In which case - use of canonical and pointing hreflang to the canonical version of language URL is probably the best bet to force Google to update its index.

shaunm

5:44 pm on May 5, 2016 (gmt 0)

10+ Year Member Top Contributors Of The Month



I'm a bit confused.

Scenario 1:
The server identifies a crawler through user-agent to be Google bot so the server responds with a 301 for PageA. Now, the PageA is probably replaced with PageB in Google index. Even if PageA is not replaced in Google index for sometimes, the visitors clicking on PageA from Google SERP will still be redirected to PageB. So, I'm not actually showing two different versions to Google and the users who is landing on my page from Google.

Scenario 2:
PageA is typed directly into the address bar OR it's clicked from an App, software/tool which opens up PageA in a browser(whose user-agent is excluded from redirection). Then the server will treat PageA as 200 ok page and servers the old content. Does that make sense at all?

aakk9999

11:37 am on May 10, 2016 (gmt 0)

WebmasterWorld Senior Member 10+ Year Member Top Contributors Of The Month



So, I'm not actually showing two different versions to Google and the users who is landing on my page from Google.
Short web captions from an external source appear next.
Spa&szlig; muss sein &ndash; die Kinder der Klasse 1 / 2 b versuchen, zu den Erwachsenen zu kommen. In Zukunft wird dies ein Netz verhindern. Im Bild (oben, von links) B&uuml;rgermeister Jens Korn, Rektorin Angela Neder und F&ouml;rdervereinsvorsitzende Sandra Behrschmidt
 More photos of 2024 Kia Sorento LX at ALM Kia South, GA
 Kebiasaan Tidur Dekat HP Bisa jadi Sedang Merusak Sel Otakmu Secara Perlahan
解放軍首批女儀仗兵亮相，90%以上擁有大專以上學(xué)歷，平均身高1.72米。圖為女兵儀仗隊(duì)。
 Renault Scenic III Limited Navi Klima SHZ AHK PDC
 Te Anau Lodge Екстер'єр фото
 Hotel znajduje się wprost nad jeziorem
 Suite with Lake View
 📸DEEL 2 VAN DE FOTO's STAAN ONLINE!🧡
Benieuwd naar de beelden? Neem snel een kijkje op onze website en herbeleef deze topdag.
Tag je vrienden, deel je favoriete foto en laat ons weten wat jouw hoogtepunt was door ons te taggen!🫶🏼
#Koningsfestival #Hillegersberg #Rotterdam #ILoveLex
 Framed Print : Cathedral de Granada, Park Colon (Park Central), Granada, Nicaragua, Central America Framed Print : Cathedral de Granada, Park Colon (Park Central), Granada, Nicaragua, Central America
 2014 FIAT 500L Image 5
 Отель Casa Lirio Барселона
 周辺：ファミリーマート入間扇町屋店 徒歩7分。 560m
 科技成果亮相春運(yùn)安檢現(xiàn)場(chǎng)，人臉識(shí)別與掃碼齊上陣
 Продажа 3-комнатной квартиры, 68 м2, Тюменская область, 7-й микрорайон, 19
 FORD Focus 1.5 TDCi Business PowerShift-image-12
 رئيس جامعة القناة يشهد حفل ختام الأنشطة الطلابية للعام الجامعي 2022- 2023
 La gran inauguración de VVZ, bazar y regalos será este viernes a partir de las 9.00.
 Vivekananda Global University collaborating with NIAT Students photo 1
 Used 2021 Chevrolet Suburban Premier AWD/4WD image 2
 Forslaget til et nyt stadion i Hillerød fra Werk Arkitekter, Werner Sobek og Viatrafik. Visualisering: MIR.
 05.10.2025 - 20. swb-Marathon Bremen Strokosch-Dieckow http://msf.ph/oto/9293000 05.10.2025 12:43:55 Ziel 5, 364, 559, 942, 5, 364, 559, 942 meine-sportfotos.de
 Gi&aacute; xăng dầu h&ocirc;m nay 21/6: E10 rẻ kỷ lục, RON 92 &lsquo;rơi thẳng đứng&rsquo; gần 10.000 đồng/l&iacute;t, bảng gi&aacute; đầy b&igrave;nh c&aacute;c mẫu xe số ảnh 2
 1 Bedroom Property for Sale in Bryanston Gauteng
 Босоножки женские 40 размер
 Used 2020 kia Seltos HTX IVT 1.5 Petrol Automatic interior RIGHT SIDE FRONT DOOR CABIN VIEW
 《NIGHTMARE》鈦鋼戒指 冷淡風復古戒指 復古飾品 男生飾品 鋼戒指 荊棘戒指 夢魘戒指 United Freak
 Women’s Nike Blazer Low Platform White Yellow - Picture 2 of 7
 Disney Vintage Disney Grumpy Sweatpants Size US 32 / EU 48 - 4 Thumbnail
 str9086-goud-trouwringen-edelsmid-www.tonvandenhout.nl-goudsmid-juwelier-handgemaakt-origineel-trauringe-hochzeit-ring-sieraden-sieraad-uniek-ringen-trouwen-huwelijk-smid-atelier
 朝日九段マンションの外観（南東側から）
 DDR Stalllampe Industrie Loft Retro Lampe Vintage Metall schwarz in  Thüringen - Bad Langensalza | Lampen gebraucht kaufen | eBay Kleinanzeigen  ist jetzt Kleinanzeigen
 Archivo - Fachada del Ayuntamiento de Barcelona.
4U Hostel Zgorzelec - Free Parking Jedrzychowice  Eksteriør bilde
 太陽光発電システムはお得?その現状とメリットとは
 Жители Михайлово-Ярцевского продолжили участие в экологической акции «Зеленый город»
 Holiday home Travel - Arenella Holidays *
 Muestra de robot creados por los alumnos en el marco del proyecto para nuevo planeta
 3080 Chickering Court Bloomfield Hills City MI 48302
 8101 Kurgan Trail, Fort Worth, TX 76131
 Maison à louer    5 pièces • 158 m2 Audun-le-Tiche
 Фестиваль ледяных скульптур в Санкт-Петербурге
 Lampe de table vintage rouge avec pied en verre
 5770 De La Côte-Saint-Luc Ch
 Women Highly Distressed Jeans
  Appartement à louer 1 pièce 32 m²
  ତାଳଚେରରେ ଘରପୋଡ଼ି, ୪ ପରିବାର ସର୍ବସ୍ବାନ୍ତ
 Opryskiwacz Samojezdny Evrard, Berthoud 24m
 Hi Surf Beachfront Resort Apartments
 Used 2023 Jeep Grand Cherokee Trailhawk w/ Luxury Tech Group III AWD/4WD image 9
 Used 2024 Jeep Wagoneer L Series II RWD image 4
The issue is in the bolded text above (emphasis mine) which should not be in the above statement.

Cloaking is showing a different page to the visitor than what you show to googlebot fullstop. It does not mean that the visitor has to arrive from click from SERPs.

If Googlebot requests PageA, your server will respond with 301 redirect to PageB.
If a visitor requests PageA, your server will respond with 200OK abd it will serve PageA.

So Googlebot and Visitor do not get the same response nor the same page from your server when a request is done for PageA and therefore you have an issue of cloaking.